The Republic’s people had showed unity and strength when they were threatened, and that unity allowed them to ultimately prevail. The common threat had tied the citizens together, but the citizens were now faced with a world without threats. As Cato the Elder warned, “What was to become of Rome, when she should no longer have any state to fear?” The cooperation of the Roman people deteriorated without an enemy to defeat, and internal dissension eventually tore the Republic apart, replacing it with a Caesar and an empire in 27 B.C. The destruction of the Republic was a long, slow process, but it began when the Roman Republic found itself in a world of unipolarity. In their destruction, the Carthaginians had a much more damaging effect to the Roman Republic than they ever did while alive.
What does this have to do with anything current? Everything. Josef Joffe, as a way of proving the U.S. was not in decline, pointed out that all of the prophecies about U.S. decline made since the 1950’s had proven false. That is true, but could it be that the destruction of a hegemonic power sometimes takes much longer than a decade or two, as with the Roman Republic?
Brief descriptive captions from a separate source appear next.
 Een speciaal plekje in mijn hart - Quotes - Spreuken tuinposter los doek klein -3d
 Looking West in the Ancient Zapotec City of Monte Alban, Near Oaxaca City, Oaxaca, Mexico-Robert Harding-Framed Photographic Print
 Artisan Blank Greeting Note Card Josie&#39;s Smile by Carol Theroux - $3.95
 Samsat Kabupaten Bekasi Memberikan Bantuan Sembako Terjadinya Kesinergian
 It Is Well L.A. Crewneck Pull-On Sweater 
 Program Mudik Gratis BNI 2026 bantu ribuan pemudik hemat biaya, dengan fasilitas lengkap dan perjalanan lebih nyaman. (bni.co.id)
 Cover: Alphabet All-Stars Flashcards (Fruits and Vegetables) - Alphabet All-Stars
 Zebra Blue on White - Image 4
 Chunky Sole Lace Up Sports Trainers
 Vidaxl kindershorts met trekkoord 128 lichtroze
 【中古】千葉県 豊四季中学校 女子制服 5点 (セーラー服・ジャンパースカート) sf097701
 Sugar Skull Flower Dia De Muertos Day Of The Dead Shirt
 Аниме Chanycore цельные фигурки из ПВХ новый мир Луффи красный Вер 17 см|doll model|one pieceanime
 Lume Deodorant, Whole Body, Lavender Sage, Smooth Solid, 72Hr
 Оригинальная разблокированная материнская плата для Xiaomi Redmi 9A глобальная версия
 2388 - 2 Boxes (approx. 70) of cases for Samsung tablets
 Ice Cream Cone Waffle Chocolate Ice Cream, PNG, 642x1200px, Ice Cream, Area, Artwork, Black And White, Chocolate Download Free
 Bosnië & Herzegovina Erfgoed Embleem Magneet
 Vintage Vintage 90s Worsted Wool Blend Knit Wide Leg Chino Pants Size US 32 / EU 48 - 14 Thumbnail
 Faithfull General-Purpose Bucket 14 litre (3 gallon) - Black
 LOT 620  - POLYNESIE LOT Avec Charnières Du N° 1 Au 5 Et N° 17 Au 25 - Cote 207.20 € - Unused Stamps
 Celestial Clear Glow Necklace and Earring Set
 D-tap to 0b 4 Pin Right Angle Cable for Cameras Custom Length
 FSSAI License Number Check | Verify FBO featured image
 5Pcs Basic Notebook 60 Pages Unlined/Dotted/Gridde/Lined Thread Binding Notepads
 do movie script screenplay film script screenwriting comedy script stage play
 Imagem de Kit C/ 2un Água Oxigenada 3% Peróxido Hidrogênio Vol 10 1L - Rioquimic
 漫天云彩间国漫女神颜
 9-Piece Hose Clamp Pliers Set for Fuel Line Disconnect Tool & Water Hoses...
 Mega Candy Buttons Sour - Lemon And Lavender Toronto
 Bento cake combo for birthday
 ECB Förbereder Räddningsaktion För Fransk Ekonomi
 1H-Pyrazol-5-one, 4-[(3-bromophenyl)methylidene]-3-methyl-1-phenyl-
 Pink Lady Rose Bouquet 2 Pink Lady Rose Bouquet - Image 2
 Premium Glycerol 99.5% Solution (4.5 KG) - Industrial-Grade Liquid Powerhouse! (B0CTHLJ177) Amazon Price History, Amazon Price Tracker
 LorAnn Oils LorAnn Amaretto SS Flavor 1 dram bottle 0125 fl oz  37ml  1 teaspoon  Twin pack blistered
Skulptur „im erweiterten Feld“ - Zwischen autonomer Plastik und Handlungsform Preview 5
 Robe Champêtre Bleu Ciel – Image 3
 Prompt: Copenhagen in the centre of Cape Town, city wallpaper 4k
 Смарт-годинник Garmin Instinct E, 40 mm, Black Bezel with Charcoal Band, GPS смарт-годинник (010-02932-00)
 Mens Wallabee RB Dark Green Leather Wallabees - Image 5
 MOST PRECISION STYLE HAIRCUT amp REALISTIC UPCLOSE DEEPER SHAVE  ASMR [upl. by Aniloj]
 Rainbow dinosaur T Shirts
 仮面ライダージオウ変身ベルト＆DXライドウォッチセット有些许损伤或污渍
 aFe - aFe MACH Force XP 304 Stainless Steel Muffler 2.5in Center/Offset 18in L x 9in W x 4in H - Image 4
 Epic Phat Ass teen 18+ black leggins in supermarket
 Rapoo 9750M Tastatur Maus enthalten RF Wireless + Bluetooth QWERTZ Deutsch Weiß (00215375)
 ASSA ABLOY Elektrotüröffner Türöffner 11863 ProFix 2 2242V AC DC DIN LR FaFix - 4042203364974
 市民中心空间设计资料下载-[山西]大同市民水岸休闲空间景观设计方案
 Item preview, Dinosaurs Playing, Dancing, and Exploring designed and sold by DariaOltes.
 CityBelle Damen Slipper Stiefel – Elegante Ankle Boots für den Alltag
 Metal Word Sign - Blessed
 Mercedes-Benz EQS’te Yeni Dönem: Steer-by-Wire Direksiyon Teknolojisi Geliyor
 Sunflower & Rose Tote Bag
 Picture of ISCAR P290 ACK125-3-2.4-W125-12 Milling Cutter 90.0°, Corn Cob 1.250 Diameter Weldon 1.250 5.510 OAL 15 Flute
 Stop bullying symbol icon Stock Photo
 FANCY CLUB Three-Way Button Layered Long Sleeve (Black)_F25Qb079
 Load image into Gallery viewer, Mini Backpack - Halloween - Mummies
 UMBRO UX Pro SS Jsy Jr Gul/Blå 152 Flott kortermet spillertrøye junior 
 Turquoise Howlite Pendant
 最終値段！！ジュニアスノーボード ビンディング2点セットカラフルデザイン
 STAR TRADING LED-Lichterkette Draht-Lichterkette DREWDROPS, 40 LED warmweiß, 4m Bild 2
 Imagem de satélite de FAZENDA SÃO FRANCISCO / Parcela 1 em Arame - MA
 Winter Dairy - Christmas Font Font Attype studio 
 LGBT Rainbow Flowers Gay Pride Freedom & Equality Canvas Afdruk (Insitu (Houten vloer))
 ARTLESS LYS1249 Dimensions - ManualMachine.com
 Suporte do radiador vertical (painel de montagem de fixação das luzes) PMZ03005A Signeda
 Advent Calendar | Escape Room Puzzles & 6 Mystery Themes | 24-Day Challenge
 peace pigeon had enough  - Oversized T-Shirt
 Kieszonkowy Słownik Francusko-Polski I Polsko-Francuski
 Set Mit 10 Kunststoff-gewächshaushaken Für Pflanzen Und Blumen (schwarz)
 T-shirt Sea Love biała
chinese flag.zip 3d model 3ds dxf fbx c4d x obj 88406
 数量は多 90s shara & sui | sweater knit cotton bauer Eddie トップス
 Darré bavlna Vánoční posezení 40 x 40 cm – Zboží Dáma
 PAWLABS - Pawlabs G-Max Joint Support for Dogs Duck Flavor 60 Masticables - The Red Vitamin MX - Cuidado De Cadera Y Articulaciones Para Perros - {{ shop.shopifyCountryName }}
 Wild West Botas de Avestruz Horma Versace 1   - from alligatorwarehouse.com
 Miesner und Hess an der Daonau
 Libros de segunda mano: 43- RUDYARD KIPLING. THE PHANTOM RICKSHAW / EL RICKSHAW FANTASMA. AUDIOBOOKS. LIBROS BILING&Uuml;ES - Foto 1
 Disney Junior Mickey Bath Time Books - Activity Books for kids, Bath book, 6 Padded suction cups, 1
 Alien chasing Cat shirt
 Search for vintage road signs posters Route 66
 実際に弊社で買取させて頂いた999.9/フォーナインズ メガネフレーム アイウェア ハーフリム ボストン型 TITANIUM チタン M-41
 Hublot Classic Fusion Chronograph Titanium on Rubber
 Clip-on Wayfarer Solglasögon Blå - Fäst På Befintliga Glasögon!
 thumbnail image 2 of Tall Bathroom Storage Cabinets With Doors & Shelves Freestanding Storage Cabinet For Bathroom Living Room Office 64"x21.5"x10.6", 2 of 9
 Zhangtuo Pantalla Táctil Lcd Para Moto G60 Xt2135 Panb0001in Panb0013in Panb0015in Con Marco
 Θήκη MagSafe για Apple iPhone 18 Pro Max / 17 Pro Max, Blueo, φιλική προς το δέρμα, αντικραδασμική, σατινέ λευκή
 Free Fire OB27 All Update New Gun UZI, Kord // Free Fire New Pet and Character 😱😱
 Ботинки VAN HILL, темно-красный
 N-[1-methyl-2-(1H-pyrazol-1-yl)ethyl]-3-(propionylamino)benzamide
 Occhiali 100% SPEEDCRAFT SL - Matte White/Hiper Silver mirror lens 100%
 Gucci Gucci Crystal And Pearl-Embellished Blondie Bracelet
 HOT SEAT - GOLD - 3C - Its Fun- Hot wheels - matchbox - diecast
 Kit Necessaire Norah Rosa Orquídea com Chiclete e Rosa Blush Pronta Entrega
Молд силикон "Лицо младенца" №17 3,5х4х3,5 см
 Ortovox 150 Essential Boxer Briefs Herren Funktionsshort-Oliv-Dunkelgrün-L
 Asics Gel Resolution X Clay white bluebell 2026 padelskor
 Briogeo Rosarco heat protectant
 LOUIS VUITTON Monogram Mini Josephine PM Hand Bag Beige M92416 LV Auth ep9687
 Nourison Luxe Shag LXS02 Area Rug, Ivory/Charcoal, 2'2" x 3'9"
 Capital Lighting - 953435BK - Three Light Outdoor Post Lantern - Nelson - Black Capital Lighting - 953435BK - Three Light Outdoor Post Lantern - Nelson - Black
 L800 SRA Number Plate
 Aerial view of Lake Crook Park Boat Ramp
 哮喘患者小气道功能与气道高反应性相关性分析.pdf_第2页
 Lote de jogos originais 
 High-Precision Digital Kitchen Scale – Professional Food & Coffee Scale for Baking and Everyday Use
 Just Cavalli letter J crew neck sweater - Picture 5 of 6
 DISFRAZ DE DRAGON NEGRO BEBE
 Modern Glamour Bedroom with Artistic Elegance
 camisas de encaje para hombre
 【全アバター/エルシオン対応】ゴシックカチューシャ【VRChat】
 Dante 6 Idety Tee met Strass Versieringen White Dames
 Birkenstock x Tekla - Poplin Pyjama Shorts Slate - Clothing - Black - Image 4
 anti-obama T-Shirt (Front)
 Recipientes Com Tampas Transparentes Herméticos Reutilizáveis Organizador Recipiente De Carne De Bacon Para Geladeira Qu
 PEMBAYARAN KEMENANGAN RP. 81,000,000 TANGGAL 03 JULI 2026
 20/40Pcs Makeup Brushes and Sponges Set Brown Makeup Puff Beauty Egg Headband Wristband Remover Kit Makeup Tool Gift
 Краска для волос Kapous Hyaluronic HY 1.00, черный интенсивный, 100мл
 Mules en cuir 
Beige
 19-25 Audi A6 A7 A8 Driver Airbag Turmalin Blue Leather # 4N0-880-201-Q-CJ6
Or could it be that another superpower may not challenge the U.S. anytime soon, but the relative safety of a unipolar world might have damaging internal effects and threaten our republican government? It is easy for citizens to put aside their differences and rally together against a perceivable, identifiable, and genuinely threatening enemy, such as the Soviets were during the Cold War. While unity was not always present, notably during the Vietnam War, people were genuinely afraid of the Soviets. However, with the Soviets gone and with the new threats to the U.S. being much more ambiguous and hard to identify, such as terrorism, will division inside of U.S. society come to the surface and slowly weaken the system of government, and unravel the republic? The position of the U.S. as the lone superpower may yet prove to be stable, but it might ultimately endanger the U.S. Republic.
The collapse of the Soviet Union may, like with Carthage, cause destruction to their enemies long after they are gone by unleashing internal dissent. Time will tell if this is the case, but the U.S. would be wise to remember the fate of another republic who found itself alone at the top of a unipolar world.